De Partij van de Arbeid is een groot voorstander van snelle aanleg van de tramverbinding tussen het centraal station en De Uithof (HOV om de Zuid). Wie een dagje probeert mee te rijden op de huidige overvolle buslijn 12, zal het gauw met ons eens dat als een tram ergens snel nodig is, het op dit traject is. Volgens het collegeprogramma moet de Uithoflijn in 2015 gereed zijn. Tot onze verbazing lazen we in het AD-UN van zaterdag 21 mei 2011 (“Nog jaren wachten op tram Uithof”) dat het Bestuur Regio Utrecht (BRU), medeverantwoordelijk voor de realisatie van de Uithoftram, inmiddels uitgaat van oplevering ‘op zijn vroegst’ in 2018. BRU-portefeuillehouder Gerritsen zegt in het krantenartikel dat de planning van 2015 te optimistisch is en technisch niet haalbaar.
De PvdA-fractie heeft hierover de volgende vragen aan het college:
- Kent u de in het krantenbericht genoemde interne notitie van het BRU, waarin staat dat de tram op zijn vroegst in 2018 kan rijden? Is deze wijziging van de planning afgestemd met de gemeente Utrecht?
- Is, uitgaande van een definitief trambesluit in juni 2011, het in het collegeprogramma opgenomen opleveringsjaar 2015 volgens u nog wel haalbaar? Zo nee, waarom niet? En welk jaar is in dat geval wel haalbaar?
- Welke afspraken hebben het BRU en gemeente Utrecht gemaakt over het in te zetten trammateriaal? Mag uit de geciteerde uitspraken van wethouder Lintmeijer dat hij ‘dringend aan het BRU gaat vragen waarom de aanschaf van het materiaal zo lang moet duren’ dat BRU en gemeente hierin tot nu toe niet samen in optrekken? Wat was het antwoord van de dringende vraag’ die u aan het BRU gesteld heeft?

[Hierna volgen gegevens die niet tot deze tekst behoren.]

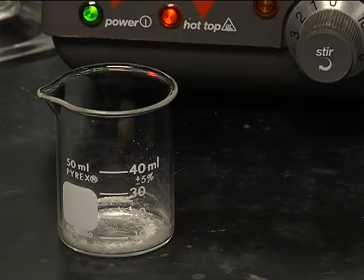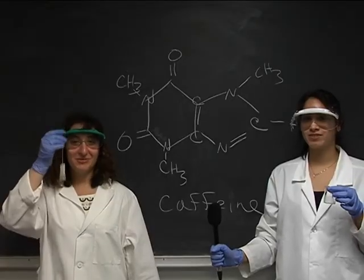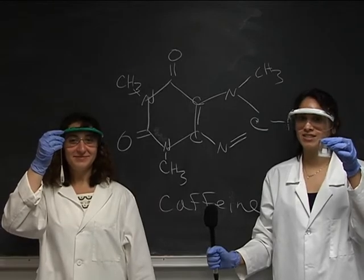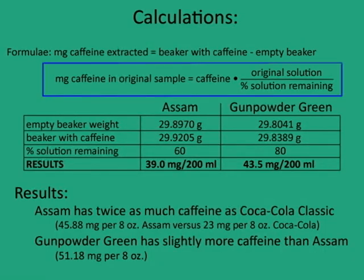See that white powder left over in the beaker? This is pure caffeine. Now that we've gone from this to this, it's time to find out just how much caffeine is in the tea. We weigh the beaker with the caffeine in it and then subtract the original weight of the beaker. The last thing we have to do is adjust the calculation because some of the methylene chloride was lost earlier when we filtered the solution.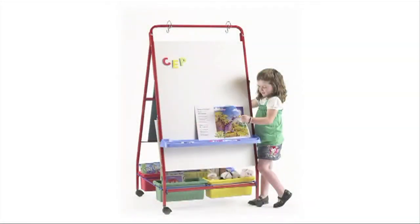The easel is on casters and is made to move around the classroom. The primary teaching easel is a wonderful tool and very useful in the classroom — I love my primary teaching easel.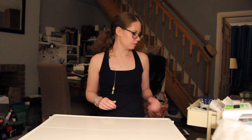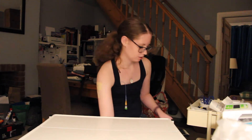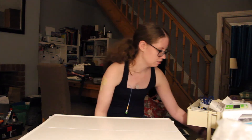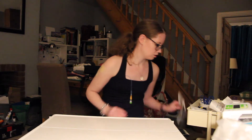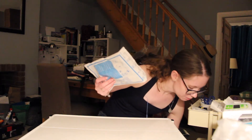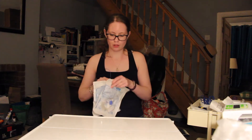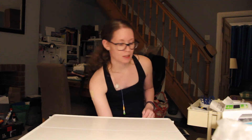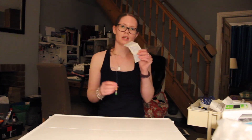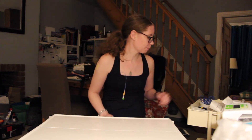Next thing I need to do is collect everything from the trolley that I need. So we've got a flush, two dressing towels, two pairs of gloves, the double spike, and the set that it joins to go in the pump. I've got my two bags of fluid, and then I just need three more sanicloths and some tape.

- Bent u het met de PvdA-fractie eens dat, mede gelet op het feit dat het Rijk zijn onder voorbehoud toegezegde bijdrage van € 110 mln. nog definitief moet bevestigen, het erg onwenselijk en ongelukkig is dat de gemeente en het BRU het onderling (openlijk) oneens zijn over de planning? Bent u bereid met de portefeuillehouder van het BRU af te spreken hierin voortaan wel samen op te trekken?
- Kunt u toezeggen dat u bij het raadsvoorstel voor het definitieve trambesluit, dat u voor juni hebt aangekondigd, ook een door de gemeente en het BRU gezamenlijk opgestelde planning levert, voorzien van bijbehorende risico’s en onzekerheidsmarges?